>>>>

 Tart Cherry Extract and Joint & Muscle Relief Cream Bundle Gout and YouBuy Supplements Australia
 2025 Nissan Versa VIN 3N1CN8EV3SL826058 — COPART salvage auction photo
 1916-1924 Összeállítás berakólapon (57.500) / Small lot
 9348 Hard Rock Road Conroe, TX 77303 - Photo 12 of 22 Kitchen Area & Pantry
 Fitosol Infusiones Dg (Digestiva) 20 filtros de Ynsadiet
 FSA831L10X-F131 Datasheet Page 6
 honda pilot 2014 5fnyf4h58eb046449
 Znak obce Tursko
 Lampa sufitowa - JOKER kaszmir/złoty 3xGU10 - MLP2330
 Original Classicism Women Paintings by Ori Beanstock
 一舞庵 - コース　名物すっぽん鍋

<<<<

ACTIVITY:
Type the records again in full, matching them exactly.

FINISHED TASK:
 Tart Cherry Extract and Joint & Muscle Relief Cream Bundle Gout and YouBuy Supplements Australia
 2025 Nissan Versa VIN 3N1CN8EV3SL826058 — COPART salvage auction photo
 1916-1924 Összeállítás berakólapon (57.500) / Small lot
 9348 Hard Rock Road Conroe, TX 77303 - Photo 12 of 22 Kitchen Area & Pantry
 Fitosol Infusiones Dg (Digestiva) 20 filtros de Ynsadiet
 FSA831L10X-F131 Datasheet Page 6
 honda pilot 2014 5fnyf4h58eb046449
 Znak obce Tursko
 Lampa sufitowa - JOKER kaszmir/złoty 3xGU10 - MLP2330
 Original Classicism Women Paintings by Ori Beanstock
 一舞庵 - コース　名物すっぽん鍋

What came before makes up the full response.